Vous vous en doutez, Michael Mann n’a pu réagir à cette drôle de question. Difficile pour le cinéaste d’être flatté par ce genre de déclaration. Mi-amusé, mi-gêné, il a ainsi déclaré : “Merci, je ne sais pas trop quoi répondre.”
Véritable cinéphile
Heat n’est pas le seul film que Faïd cite comme référence. D’autres longs-métrages ont forgé sa carrière de criminel, à commencer par Sleepers, de Barry Levinson (Rain Man), dans lequel trois potes rentrent à un moment dans une boutique. L’un des trois vole quelque chose pour que le patron le poursuive, permettant aux deux autres de dévaliser le magasin. Une tactique que Faïd appliquera par la suite à Creil, alors qu’il n’est encore qu’un lycéen.
Sa fascination pour les films de braquages se ressent. Assez rapidement, on le surnommera McCoy, en hommage au personnage de Steve McQueen dans Guet-Apens. On l’entendra aussi une fois, les bras en l’air en sortant d’une banque qu’il vient de dévaliser, crier :
“Merci, merci beaucoup d’avoir voté pour moi !”

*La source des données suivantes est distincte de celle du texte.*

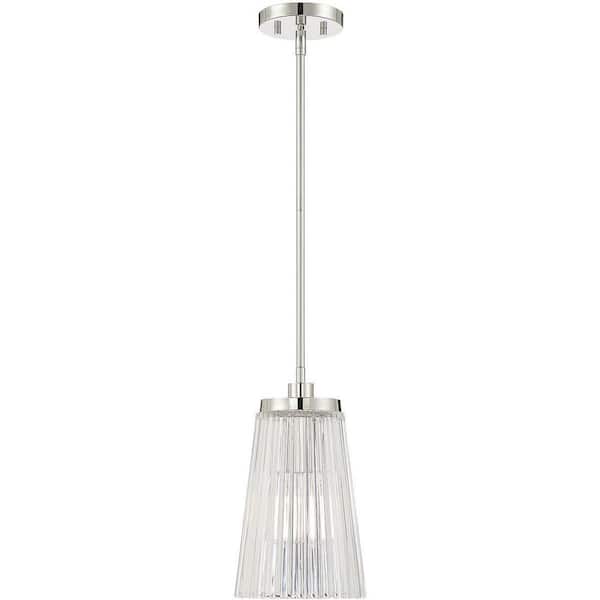 Savoy House Chantilly 8 in. W x 13 in. H 1-Light Polished Nickel Statement Pendant Light with Clear Ribbed Glass Shade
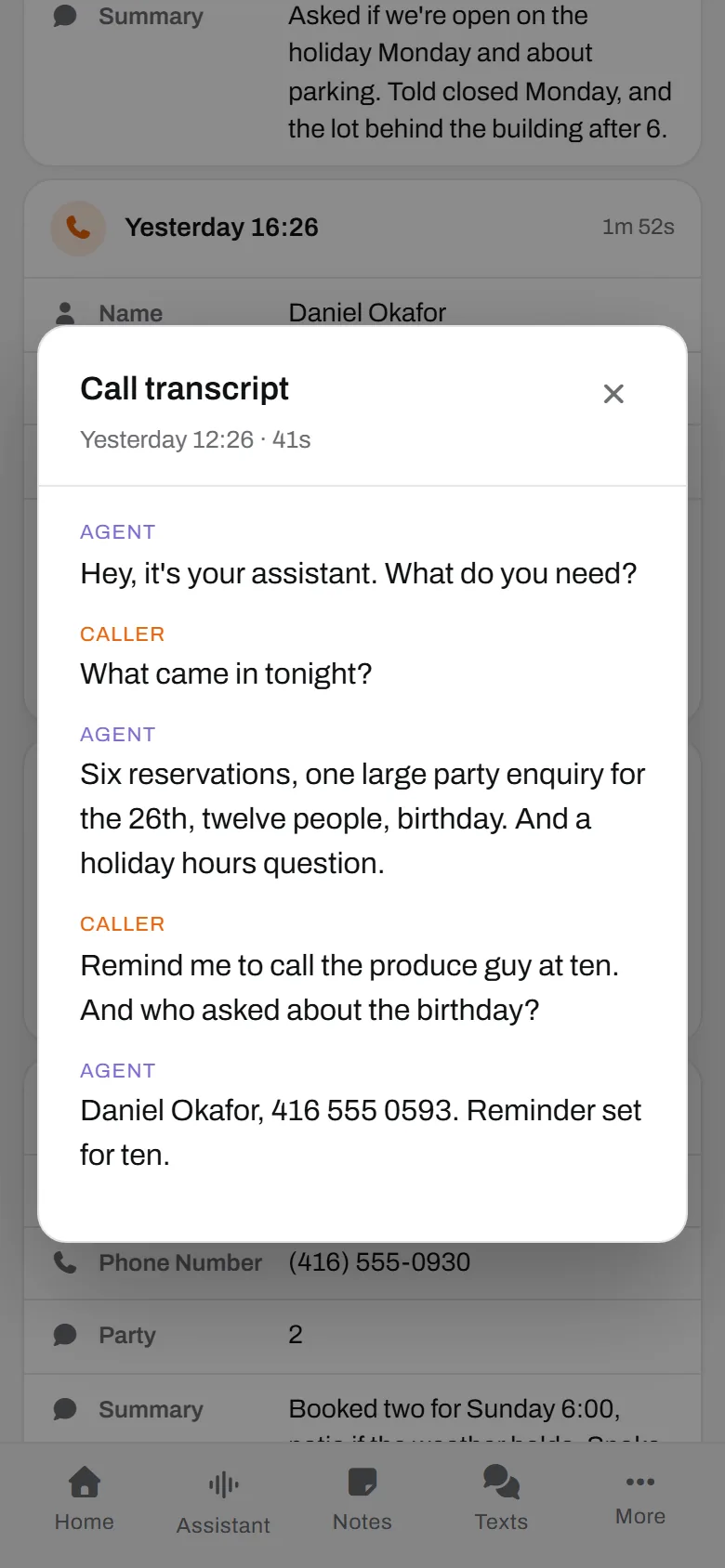 Gianna, calling her own line. The night's reservations counted, one reminder set, one name looked up.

À peu près comme dans Point Break de Kathryn Bigelow.
Pour le célèbre braquage de la bijouterie de Chantilly en 1997, ses acolytes et lui-même ne s’appellent pas par leurs prénoms, mais par des couleurs. Au-delà du clin d’œil évident à Reservoir Dogs de Quentin Tarantino (sorti en 1992), on comprend assez rapidement que Faïd se sert du cinéma pour mettre ses plans à exécution.
Le braquage se terminera par des coups de feu de la police, tandis que la clique tentait de s’enfuir en traversant un lac gelé, comme dans le film Le Cercle rouge de Jean-Pierre Melville, que Faïd adore également – le criminel aime tout autant le cinéma français, notamment les films de gangsters avec Jean Gabin, Jean-Paul Belmondo ou encore Lino Ventura.
Mais sa cinéphilie ne lui sert pas que pour ses crimes. Avec l’argent de ses premiers braquages, il s’est ainsi payé un voyage à Las Vegas, où il a loué la fameuse suite que Dustin Hoffman et Tom Cruise prennent dans Rain Man. De même, il connaît des passages entiers de Scarface par cœur, qu’il a d’ailleurs vu dix fois au cinéma.
C’est encore l’intéressé qui en parle le mieux. Dans son livre, il balance notamment une phrase lourde de sens :
“Tu enlèves le cinéma, tu te retrouves avec cinquante pour cent de délinquance en moins.”
Une excuse des plus bancales pour justifier ses crimes.